Posted by Andrew Unterberger on March 3, 2008

The most ridiculous thing since ridiculous day at the deli, where prices were so low, it was ridiculous

Who says there’s a lack of creativity in TV these days? If real life were a movie–and believe me, it (probably) isn’t–the anarchy created by the writers’ strike would have resulted in the majors taking chances on outsider shows by a bunch of rogue TV producers, ultimately resulting in the freshest, most exciting TV season in ages. In reality, we get censored Dexter re-runs, My Dad is Better Than Your Dad and Cleveland.

No, that picture up there isn’t some hilarious pun on the fact that some random new show shares a title the Family Guy character.

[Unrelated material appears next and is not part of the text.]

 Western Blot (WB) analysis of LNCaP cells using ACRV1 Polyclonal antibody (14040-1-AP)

They’re actually spinning off a show from Peter Griffin’s black, slow-talking next-door-neighbor, with FG mastermind Seth MacFarlane at the helm. Now, the idea of an animated spin-off, even a successful one isn’t exactly unprecedented–Daria and (arguably) King of the Hill even demonstrated recently how two great shows could be spun-off from another great show, while managing to feel and look completely different from their ancestor.

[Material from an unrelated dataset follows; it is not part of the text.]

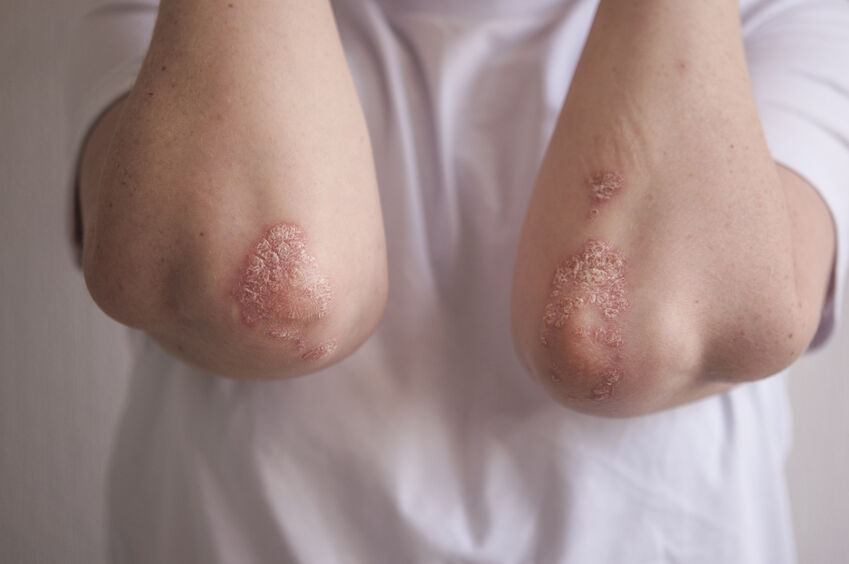 All about psoriasis in children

But, uh, let’s examine the potential upside here. Well, for one thing, it’s not likely to be as bad as a Quagmire spin-off probably would be.

.

.

OK, now let’s examine the potential downside. What exactly is there here to work with? Cleveland is admittedly one of the more loveable Quahog residents, a (usually) wisely underused supporting character who provides genial deadpan relief to his neighbors’ frequent insanity. He’s mild-mannered and he talks slowly. He once had a wife, who peaced out when Alex Borstein got tired of doing her voice, and he has a kid, whose hyperactive one-episode starring role was grating enough was more than enough for the entire series. And that’s it.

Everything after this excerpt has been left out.